Input records:
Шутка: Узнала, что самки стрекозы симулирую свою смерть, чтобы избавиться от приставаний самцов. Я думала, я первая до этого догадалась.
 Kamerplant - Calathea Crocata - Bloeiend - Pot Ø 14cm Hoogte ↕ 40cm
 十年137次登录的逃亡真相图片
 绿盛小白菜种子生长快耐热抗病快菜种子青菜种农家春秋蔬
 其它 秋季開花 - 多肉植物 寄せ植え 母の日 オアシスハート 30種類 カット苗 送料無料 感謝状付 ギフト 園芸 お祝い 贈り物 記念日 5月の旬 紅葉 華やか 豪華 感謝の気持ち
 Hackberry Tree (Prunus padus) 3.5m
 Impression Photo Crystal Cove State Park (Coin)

Exercise directions:
Line by line, repeat the material precisely.

Output:
Шутка: Узнала, что самки стрекозы симулирую свою смерть, чтобы избавиться от приставаний самцов. Я думала, я первая до этого догадалась.
 Kamerplant - Calathea Crocata - Bloeiend - Pot Ø 14cm Hoogte ↕ 40cm
 十年137次登录的逃亡真相图片
 绿盛小白菜种子生长快耐热抗病快菜种子青菜种农家春秋蔬
 其它 秋季開花 - 多肉植物 寄せ植え 母の日 オアシスハート 30種類 カット苗 送料無料 感謝状付 ギフト 園芸 お祝い 贈り物 記念日 5月の旬 紅葉 華やか 豪華 感謝の気持ち
 Hackberry Tree (Prunus padus) 3.5m
 Impression Photo Crystal Cove State Park (Coin)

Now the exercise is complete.